Pillowcases as evening gowns, fist-sized heart-shaped earrings, fright-wigs and Ancien Regime white make-up and a bride in a satin gimp-mask. It could only be Vivienne Westwood, the only designer to still pull these cunning stunts on a Parisian catwalk and get away with it (just about). For S/S 2011, Dame Westwood followed her usual route - a snippet of proto-environmental propaganda on our chairs, a rag-bag of rag-monger cast-offs on the catwalk and the latest starting show of the season to date (it was a good ninety minutes before her lights dimmed to photographers' cat-calls).

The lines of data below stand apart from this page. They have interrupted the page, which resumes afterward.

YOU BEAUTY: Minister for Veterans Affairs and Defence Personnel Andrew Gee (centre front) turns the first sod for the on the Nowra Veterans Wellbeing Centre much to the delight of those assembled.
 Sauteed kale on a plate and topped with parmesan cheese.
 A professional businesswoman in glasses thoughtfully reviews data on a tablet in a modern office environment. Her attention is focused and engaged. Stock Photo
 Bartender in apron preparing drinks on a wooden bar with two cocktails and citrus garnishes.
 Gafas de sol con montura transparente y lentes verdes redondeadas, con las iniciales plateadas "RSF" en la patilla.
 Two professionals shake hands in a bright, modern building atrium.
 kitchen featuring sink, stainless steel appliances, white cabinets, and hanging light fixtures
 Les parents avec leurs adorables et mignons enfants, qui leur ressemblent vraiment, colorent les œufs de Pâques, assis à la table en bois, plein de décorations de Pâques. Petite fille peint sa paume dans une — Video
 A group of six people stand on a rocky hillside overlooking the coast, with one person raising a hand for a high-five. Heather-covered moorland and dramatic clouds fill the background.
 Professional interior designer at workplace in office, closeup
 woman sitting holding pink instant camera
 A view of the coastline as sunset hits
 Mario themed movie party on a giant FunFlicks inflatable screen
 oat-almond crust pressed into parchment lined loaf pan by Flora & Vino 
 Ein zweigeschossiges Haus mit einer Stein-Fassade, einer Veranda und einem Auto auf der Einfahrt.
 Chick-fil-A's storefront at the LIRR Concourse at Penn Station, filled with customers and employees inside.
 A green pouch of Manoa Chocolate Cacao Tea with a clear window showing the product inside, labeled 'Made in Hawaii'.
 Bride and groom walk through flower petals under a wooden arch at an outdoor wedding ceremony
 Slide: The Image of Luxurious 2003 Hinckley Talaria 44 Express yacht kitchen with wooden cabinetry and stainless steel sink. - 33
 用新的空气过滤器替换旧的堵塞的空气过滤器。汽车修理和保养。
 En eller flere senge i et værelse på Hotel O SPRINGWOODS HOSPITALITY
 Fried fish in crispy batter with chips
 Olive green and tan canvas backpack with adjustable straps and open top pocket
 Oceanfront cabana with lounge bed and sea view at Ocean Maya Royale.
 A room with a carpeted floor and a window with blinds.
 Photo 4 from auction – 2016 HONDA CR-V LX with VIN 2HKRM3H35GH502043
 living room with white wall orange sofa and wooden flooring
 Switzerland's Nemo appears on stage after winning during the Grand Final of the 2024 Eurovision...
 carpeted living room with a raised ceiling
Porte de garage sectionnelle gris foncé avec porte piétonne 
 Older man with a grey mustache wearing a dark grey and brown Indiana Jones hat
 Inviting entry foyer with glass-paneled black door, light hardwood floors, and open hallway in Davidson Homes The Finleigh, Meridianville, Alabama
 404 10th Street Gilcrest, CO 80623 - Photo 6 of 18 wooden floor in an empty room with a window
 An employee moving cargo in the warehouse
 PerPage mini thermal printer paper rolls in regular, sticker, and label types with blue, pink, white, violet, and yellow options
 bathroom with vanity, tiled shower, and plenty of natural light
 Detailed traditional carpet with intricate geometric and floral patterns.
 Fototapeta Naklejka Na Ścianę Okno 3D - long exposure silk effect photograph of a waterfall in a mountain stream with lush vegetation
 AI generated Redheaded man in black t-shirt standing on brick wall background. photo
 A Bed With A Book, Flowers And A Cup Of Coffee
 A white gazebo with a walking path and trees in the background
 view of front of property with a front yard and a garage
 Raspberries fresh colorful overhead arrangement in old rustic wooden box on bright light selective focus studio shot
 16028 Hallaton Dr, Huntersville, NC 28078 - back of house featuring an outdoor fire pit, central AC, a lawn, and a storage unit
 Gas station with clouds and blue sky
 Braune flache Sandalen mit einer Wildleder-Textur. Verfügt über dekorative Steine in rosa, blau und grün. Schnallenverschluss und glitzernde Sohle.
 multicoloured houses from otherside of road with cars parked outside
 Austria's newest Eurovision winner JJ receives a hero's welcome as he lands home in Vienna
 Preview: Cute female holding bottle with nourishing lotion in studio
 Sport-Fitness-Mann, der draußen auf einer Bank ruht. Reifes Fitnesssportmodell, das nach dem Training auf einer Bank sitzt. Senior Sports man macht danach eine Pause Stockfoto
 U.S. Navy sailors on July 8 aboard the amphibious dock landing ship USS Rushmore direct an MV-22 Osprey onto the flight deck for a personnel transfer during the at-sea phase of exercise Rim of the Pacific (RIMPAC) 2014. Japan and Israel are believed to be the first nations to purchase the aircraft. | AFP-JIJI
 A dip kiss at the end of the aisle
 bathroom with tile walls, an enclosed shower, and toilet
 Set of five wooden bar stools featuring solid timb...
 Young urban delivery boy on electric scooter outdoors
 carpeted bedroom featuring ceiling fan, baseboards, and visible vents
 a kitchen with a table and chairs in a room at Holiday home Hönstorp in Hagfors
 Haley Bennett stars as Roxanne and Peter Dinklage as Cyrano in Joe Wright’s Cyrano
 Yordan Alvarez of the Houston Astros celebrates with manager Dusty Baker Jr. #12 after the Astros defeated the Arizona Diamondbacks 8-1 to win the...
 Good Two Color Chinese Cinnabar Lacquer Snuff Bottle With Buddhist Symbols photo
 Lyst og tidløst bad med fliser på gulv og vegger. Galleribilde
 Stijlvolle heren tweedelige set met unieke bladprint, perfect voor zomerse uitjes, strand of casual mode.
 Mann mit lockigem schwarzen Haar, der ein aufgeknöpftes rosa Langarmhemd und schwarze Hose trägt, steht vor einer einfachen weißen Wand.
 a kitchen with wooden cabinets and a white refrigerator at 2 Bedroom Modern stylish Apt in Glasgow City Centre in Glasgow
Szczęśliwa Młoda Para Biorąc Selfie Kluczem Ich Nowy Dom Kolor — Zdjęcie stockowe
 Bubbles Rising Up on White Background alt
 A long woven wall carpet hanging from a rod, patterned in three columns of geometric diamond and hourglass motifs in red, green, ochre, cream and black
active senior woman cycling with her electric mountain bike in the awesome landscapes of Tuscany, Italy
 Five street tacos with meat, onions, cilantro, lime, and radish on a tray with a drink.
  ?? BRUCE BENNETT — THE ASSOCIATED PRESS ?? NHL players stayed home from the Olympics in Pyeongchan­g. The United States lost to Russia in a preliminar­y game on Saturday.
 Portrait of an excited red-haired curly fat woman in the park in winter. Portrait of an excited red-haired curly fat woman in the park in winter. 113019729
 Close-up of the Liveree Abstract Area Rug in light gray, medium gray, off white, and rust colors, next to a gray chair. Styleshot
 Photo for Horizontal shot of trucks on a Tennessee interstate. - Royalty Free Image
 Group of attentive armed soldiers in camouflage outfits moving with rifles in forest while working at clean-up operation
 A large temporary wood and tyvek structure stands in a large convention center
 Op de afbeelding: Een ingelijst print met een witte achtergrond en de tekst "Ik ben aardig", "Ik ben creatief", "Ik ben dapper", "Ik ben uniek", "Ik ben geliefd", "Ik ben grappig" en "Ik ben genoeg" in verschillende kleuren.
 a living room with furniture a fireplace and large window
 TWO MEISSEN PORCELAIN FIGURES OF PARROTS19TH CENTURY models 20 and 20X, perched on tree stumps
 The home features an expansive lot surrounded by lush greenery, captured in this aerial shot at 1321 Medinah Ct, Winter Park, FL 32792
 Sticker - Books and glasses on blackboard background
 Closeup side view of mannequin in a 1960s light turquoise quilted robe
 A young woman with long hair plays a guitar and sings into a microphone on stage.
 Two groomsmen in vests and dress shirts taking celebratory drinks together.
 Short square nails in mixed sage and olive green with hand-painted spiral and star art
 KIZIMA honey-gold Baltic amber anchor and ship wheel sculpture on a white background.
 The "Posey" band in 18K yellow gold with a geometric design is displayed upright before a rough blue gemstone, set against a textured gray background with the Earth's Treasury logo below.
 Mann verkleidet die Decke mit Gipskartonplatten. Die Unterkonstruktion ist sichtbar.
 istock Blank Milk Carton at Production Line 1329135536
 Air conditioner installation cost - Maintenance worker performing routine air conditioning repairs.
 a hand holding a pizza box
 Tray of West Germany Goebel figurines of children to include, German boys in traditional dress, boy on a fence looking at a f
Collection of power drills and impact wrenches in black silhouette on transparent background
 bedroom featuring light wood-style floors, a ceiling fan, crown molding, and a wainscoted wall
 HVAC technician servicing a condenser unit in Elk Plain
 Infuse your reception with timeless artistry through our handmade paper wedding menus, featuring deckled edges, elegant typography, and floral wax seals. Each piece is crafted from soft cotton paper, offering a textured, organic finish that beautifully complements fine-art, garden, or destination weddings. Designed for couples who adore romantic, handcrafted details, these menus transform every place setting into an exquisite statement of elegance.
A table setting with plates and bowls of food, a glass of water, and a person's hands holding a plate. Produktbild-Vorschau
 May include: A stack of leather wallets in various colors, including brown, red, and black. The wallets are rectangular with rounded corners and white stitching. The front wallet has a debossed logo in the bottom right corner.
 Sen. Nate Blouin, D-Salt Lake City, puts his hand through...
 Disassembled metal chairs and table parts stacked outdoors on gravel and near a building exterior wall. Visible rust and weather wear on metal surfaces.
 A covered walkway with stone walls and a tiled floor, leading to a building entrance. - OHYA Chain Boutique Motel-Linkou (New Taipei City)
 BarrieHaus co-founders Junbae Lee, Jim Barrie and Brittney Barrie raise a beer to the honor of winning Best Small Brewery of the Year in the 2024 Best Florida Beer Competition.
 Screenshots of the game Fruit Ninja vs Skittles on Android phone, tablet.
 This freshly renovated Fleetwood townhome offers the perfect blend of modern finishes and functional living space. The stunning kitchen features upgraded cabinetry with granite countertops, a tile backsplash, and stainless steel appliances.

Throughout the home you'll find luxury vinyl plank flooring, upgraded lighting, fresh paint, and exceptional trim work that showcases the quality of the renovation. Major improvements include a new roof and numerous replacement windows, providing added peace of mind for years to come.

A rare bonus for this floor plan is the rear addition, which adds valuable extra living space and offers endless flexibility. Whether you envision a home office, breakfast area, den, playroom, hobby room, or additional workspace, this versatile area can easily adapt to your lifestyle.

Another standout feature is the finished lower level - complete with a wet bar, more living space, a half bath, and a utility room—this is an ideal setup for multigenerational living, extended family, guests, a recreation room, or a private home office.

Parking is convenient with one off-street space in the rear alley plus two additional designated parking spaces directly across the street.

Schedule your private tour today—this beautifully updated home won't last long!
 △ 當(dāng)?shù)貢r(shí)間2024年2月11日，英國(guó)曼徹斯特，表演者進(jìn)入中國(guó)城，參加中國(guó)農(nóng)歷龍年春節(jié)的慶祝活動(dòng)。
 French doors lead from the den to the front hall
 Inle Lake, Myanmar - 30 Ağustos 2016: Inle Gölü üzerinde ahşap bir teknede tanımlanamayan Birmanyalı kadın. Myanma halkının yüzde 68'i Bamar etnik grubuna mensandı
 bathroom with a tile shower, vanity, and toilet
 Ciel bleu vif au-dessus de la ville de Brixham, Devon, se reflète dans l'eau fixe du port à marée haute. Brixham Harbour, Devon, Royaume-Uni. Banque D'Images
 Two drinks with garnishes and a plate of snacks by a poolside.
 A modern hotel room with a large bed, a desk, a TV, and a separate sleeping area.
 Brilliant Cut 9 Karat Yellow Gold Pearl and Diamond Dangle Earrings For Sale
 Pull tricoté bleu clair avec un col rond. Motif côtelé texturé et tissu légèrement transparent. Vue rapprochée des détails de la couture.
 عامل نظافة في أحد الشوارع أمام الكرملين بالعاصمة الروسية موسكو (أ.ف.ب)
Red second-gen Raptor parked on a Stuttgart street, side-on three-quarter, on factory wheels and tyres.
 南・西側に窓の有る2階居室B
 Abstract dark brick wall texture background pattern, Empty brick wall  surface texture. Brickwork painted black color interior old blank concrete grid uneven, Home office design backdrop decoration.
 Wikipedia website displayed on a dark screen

That said, this didn't feel quite as wayward and haphazard as the usual Westwood romp. In amongst the crazy-lady clash of multicoloured checks, stripes and 'FRAGILE' tape rendered as triple loop-around belts, there were actually some wearable clothes. God knows what the reference points for Westwood and her team were this season, besides her own back catalogue, of course. Then again, her philosophy these days is 'buy less, buy well, wear again and again', so it makes sense for her recycle her own back-catalogue. These season, her team alighted on a fair few busty wench dresses from her late eighties collections, cut in brown and blue taffeta like Gainsborough heroines. Pucked suiting felt more recent, as did boxy tailoring, but both did good service on the catwalk without frightening the horses. Those odd silk fetish masks did that - but even they couldn't distract from the fact that they were strapped up over some serviceable summer suiting, with shorts and an unstructured blazer. T-shirt dresses splashed with gaudy prints were perhaps too unstructured, as were the evening dresses - signature ruches and bunched once again resembling nothing less than a bolt of fabric pulled out and precariously tacked into shape around the figure.
Throw in some tribal face paint, a few glittery jewel-crusted jackets and Dame Viv herself working the catwalk like a supermodel to a rousing ovation - which, one must confess, was only in part out of a sense of duty to her legacy - and there you have it. Your basic Vivienne Westwood Gold Label show these days. No thrills, no spills, no surprise.